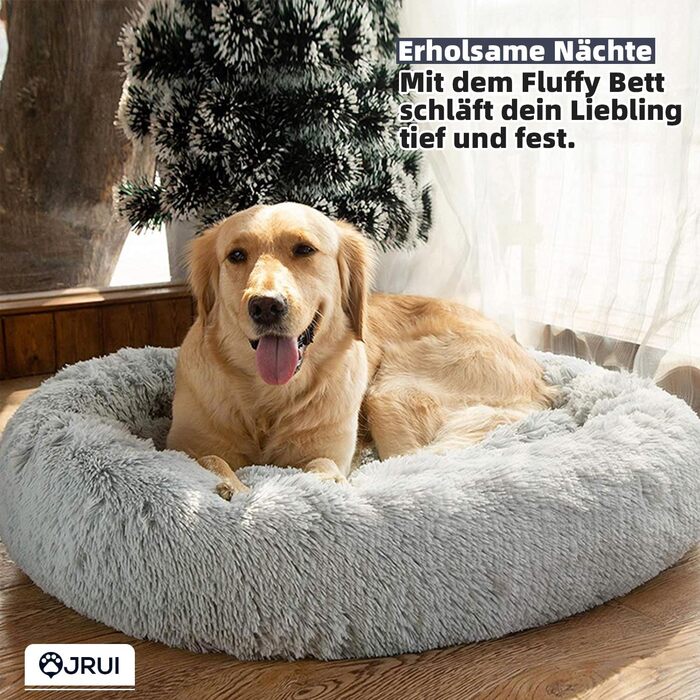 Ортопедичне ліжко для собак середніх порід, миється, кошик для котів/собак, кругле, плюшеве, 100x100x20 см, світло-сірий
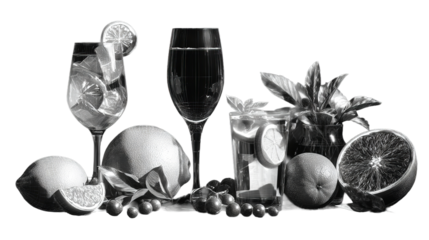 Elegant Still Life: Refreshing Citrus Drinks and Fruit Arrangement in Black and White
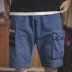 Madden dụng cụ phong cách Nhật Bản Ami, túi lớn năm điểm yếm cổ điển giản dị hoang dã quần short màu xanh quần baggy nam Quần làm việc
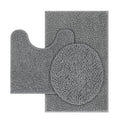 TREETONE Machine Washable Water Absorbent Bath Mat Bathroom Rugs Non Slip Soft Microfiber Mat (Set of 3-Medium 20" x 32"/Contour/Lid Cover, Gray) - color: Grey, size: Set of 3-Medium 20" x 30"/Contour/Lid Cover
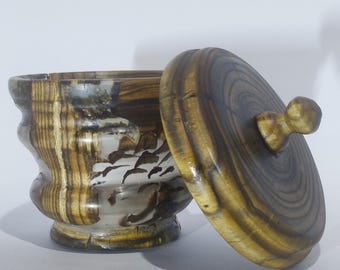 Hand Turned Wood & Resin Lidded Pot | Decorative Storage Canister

═══

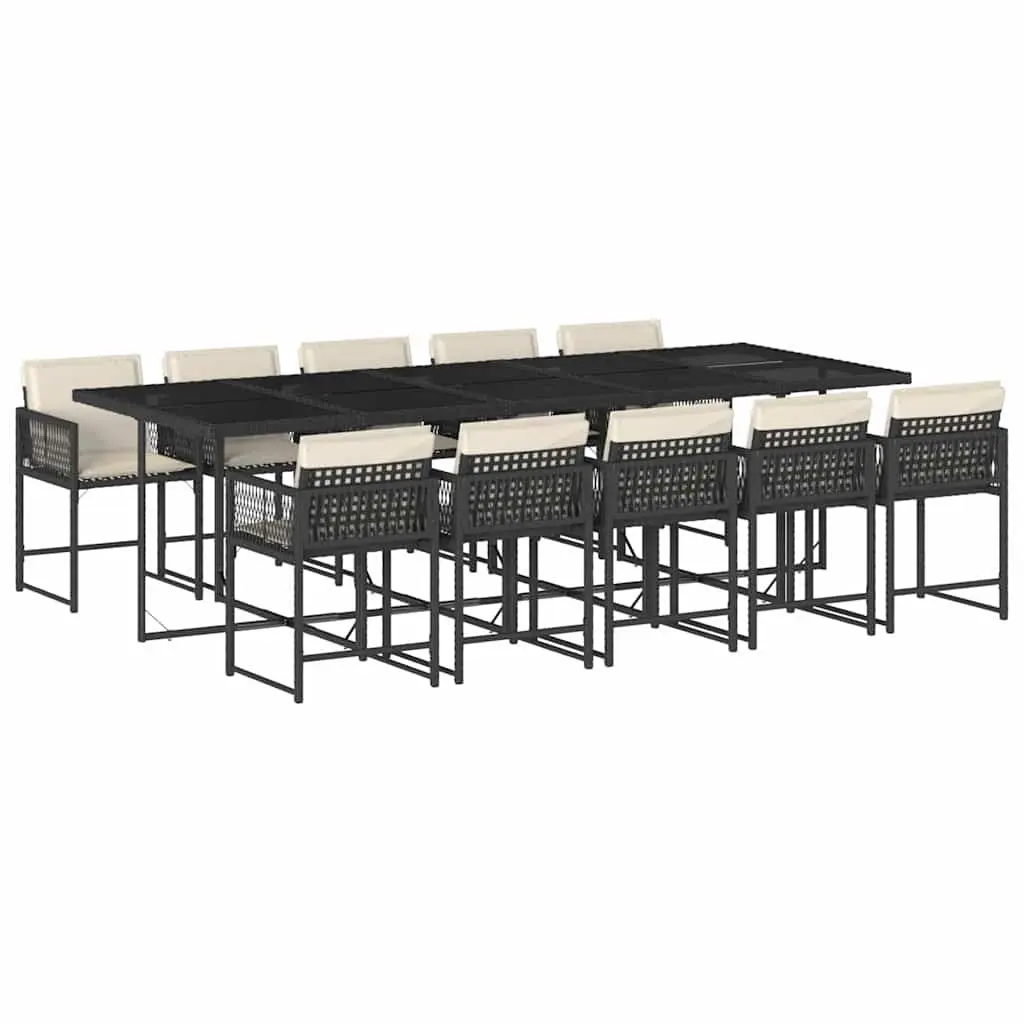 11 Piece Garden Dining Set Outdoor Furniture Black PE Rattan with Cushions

═══

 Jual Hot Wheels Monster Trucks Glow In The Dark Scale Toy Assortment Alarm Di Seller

═══

- PROBLEM REQUIREMENTS:
Within the listing above, print exactly the stretch beginning at the line that contains "TREETONE Machine Washable" and finishing at the line that contains "Hand Turned Wood", ends kept, pictures left out, and nothing more.

- RESPONSE BELOW:
 TREETONE Machine Washable Water Absorbent Bath Mat Bathroom Rugs Non Slip Soft Microfiber Mat (Set of 3-Medium 20" x 32"/Contour/Lid Cover, Gray) - color: Grey, size: Set of 3-Medium 20" x 30"/Contour/Lid Cover
 Hand Turned Wood & Resin Lidded Pot | Decorative Storage Canister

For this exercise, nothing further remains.